Aéroport de Delhi, deux heures du matin.
La ville est plongée dans un épais brouillard limitant la visibilité à disons… ma main. Le pire épisode de brouillard connu dans la capitale depuis sept ans retardant trains, bus et avions. Et créant une taxe brouillard inventée par les chauffeurs de taxi. Belle température pour arriver!
C'est tout de même un père souriant et excité que je récupère derrière les portes vitrées automatiques. Le mauvais temps n'a pas atténué son plaisir d'être dans le sous-continent. Ça commence bien.
Direction Main Bazaar dans Paharganj, histoire de le plonger directement dans l'exotisme de la faune de Delhi. À cette heure-ci, désertée par les commerçants et les voyageurs, la rue endormie ressemble à une ruelle malfamée. Premier choc pour Denis.
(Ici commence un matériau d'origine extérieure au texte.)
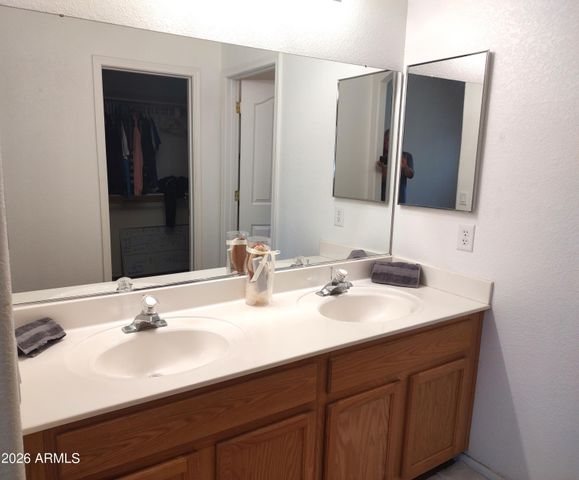 1129 E NARDINI Street, San Tan Valley, AZ 85140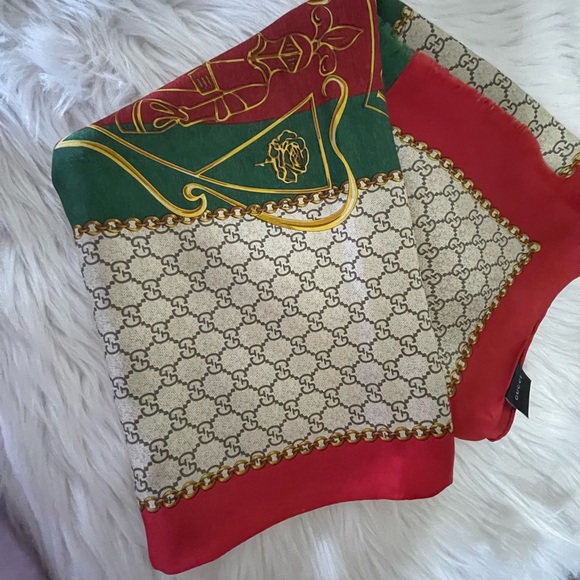 Gucci Crest Monogram Silk Shawl Scarf. - Picture 15 of 16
Delhi, dix heures du matin.
La ville se montre sous un meilleur jour. Le soleil brille, nous prenons notre déjeuner sur la terrasse d'un toit. La rue s'est remplie de ses vendeurs de babioles en tout genre. Attention aux vélos, rickshaws, voitures, piétons, vaches et un éléphant, pourquoi pas!
« C'est moins sale que je pensais, je m'attendais à marcher dans des crottes de vache tout le temps et à être toujours sale ».
Premier fait à demi démenti, oui l'Inde n'est pas le pays le plus propre, j'en conviens, mais la saleté ne saute pas sur le monde. À moins que par surprise, un baba la mène à vous par un baiser sur la main.
Au départ, nous ne voulions pas passer trop de temps à Delhi, nous faisant souvent dire par les voyageurs et les Indiens que c'est invivable, pollué et sans intérêt.
En fait, après plusieurs jours à l'explorer, je vous dirais le contraire. C'est effectivement très pollué, pas de surprise, c'est une grande ville d'Inde, mais je ne dirais pas que c'est sans intérêt. La cité regorge de choses à voir, de bons restaurants et simplement s'y promener promet de belles surprises.
Nous y visitons le Red Fort, vestige massif du court règne mogol, nous profitons de la quiétude de la mosquée Jama Masjid, la plus grosse du pays et admirons un coucher de soleil sur l'India Gate en l'honneur des soldats morts au combat, tentant toutefois de fuir les vendeurs ambulants insistants.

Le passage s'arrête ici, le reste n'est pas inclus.